Task to complete: Only the pictures are to be omitted; every entry beneath should otherwise be duplicated exactly.

Short text fragments from websites:
━━━━━━━━━━━━━━━━

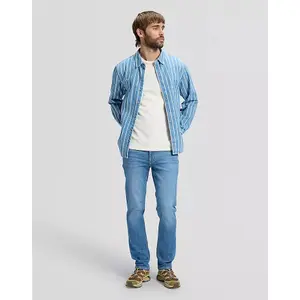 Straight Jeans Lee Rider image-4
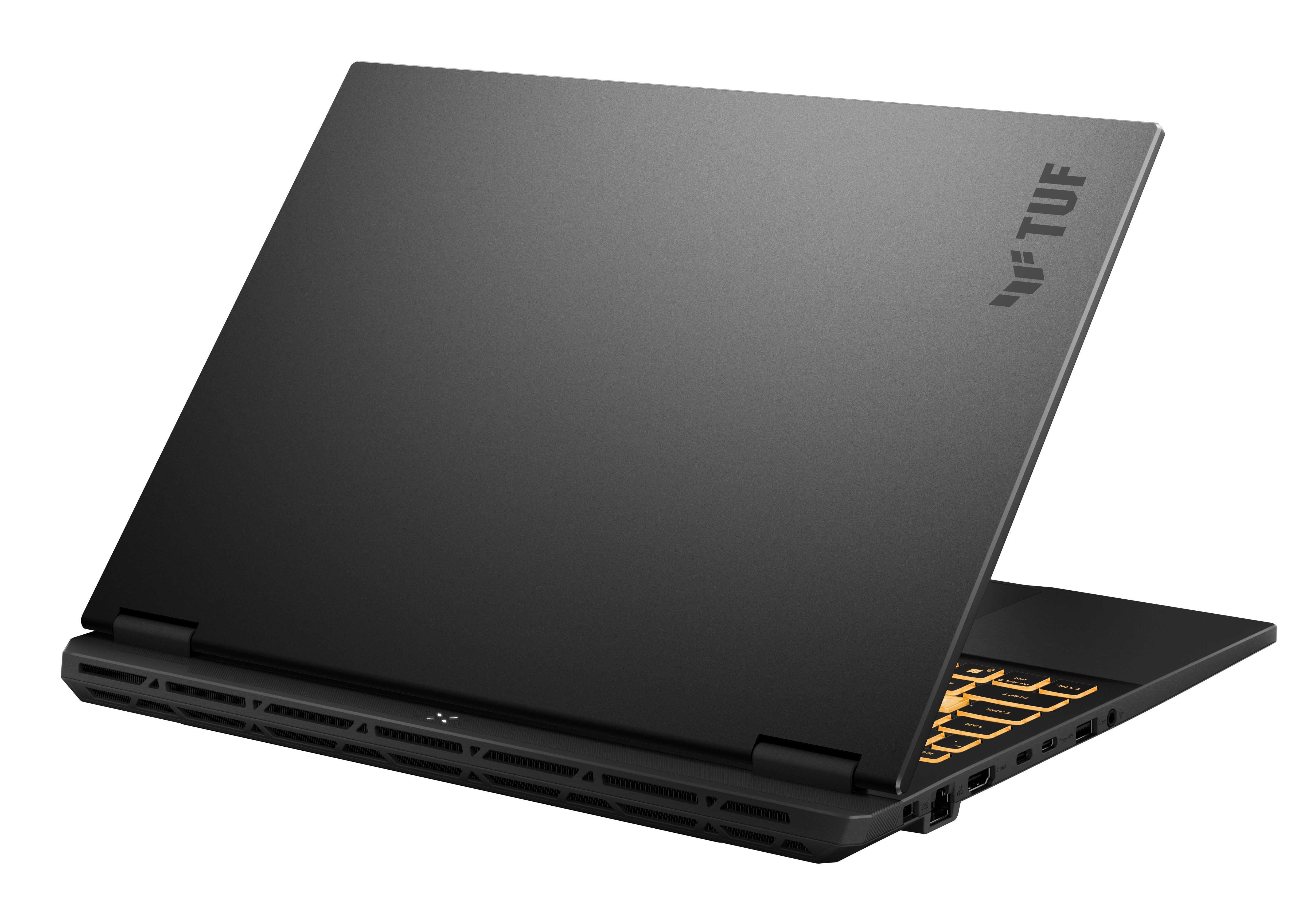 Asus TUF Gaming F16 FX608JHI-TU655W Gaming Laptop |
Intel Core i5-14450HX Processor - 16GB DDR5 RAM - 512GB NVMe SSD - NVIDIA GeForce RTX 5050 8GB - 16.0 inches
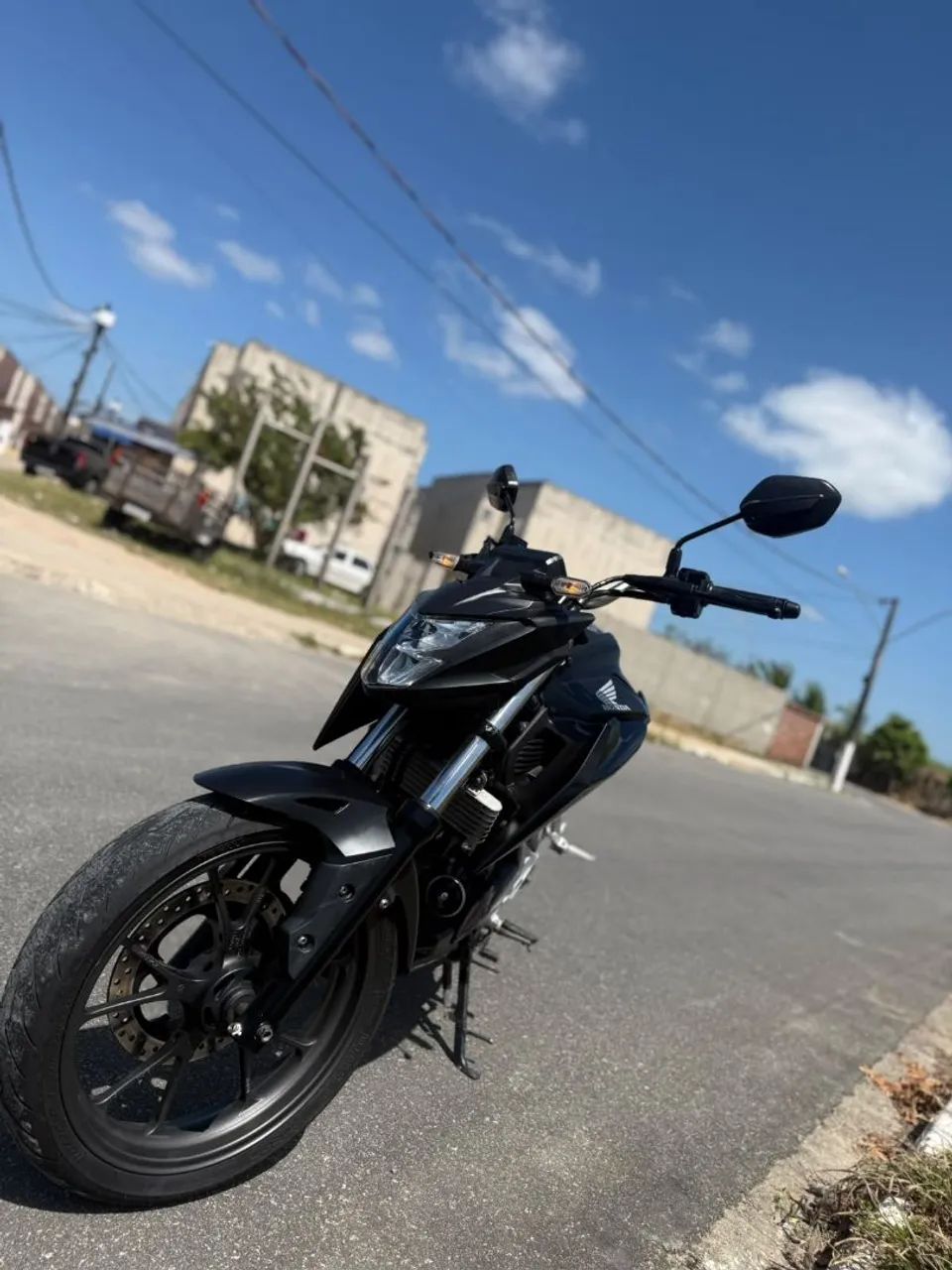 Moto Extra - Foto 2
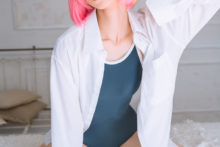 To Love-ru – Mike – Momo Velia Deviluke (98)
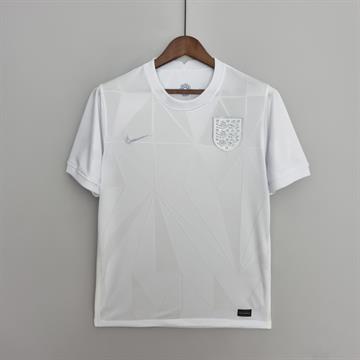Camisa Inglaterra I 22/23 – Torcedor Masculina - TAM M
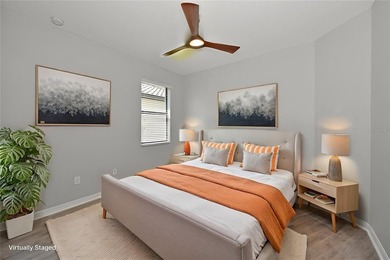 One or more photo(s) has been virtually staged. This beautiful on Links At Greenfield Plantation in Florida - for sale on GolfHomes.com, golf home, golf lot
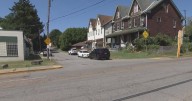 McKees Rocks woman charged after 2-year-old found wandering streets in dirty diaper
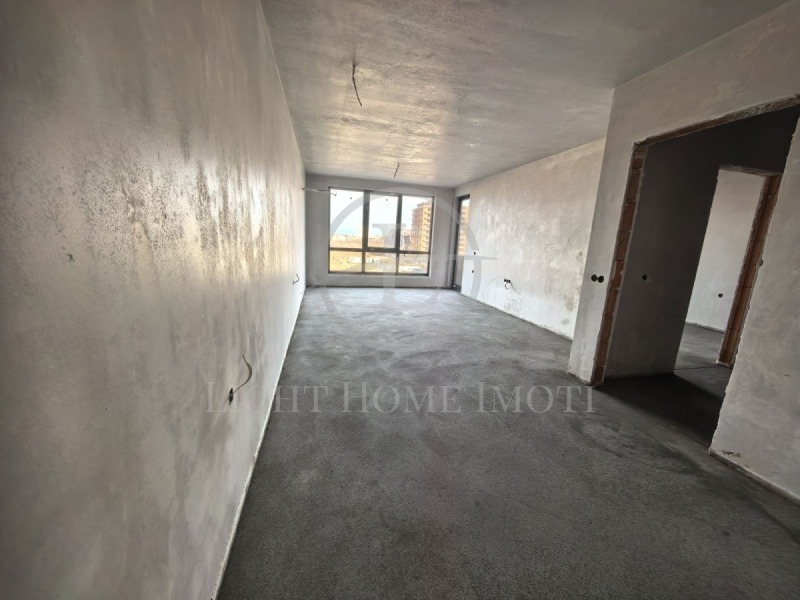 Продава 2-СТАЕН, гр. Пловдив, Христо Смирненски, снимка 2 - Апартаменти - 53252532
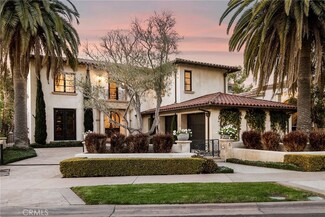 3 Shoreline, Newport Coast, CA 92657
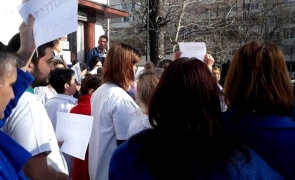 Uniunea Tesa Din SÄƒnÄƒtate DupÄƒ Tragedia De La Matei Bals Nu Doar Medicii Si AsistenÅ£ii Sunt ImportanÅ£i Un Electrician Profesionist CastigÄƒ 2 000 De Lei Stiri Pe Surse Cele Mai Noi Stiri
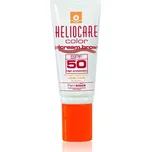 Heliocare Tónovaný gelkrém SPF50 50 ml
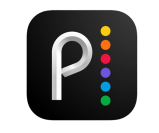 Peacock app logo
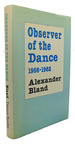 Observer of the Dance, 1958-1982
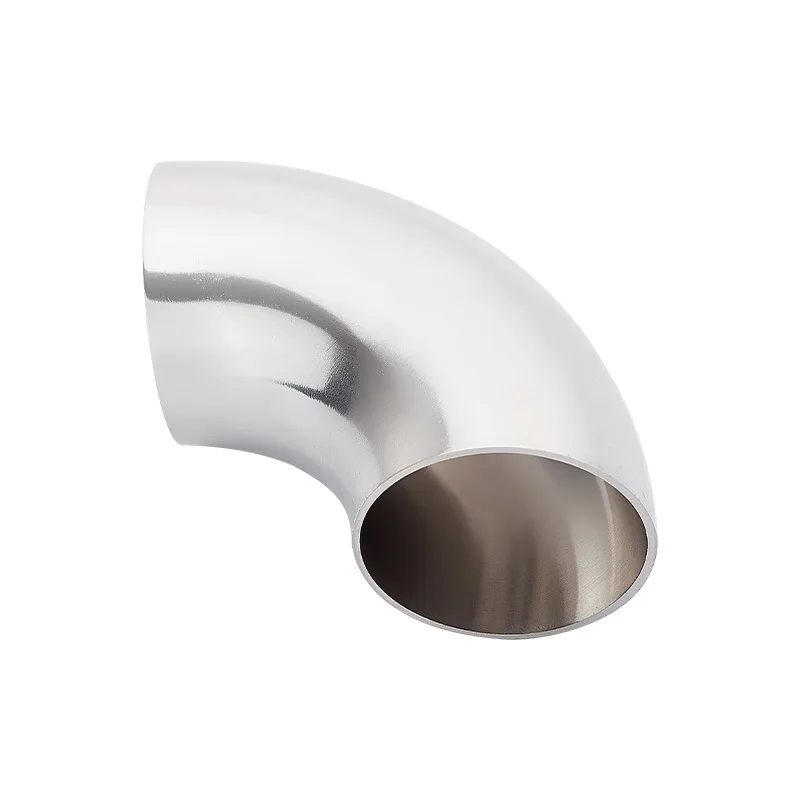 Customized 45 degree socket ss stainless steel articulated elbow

━━━━━━━━━━━━━━━━

Reply:
 Straight Jeans Lee Rider image-4
 Asus TUF Gaming F16 FX608JHI-TU655W Gaming Laptop |
Intel Core i5-14450HX Processor - 16GB DDR5 RAM - 512GB NVMe SSD - NVIDIA GeForce RTX 5050 8GB - 16.0 inches
 Moto Extra - Foto 2
 To Love-ru – Mike – Momo Velia Deviluke (98)
Camisa Inglaterra I 22/23 – Torcedor Masculina - TAM M
 One or more photo(s) has been virtually staged. This beautiful on Links At Greenfield Plantation in Florida - for sale on GolfHomes.com, golf home, golf lot
 McKees Rocks woman charged after 2-year-old found wandering streets in dirty diaper
 Продава 2-СТАЕН, гр. Пловдив, Христо Смирненски, снимка 2 - Апартаменти - 53252532
 3 Shoreline, Newport Coast, CA 92657
 Uniunea Tesa Din SÄƒnÄƒtate DupÄƒ Tragedia De La Matei Bals Nu Doar Medicii Si AsistenÅ£ii Sunt ImportanÅ£i Un Electrician Profesionist CastigÄƒ 2 000 De Lei Stiri Pe Surse Cele Mai Noi Stiri
 Heliocare Tónovaný gelkrém SPF50 50 ml
 Peacock app logo
 Observer of the Dance, 1958-1982
 Customized 45 degree socket ss stainless steel articulated elbow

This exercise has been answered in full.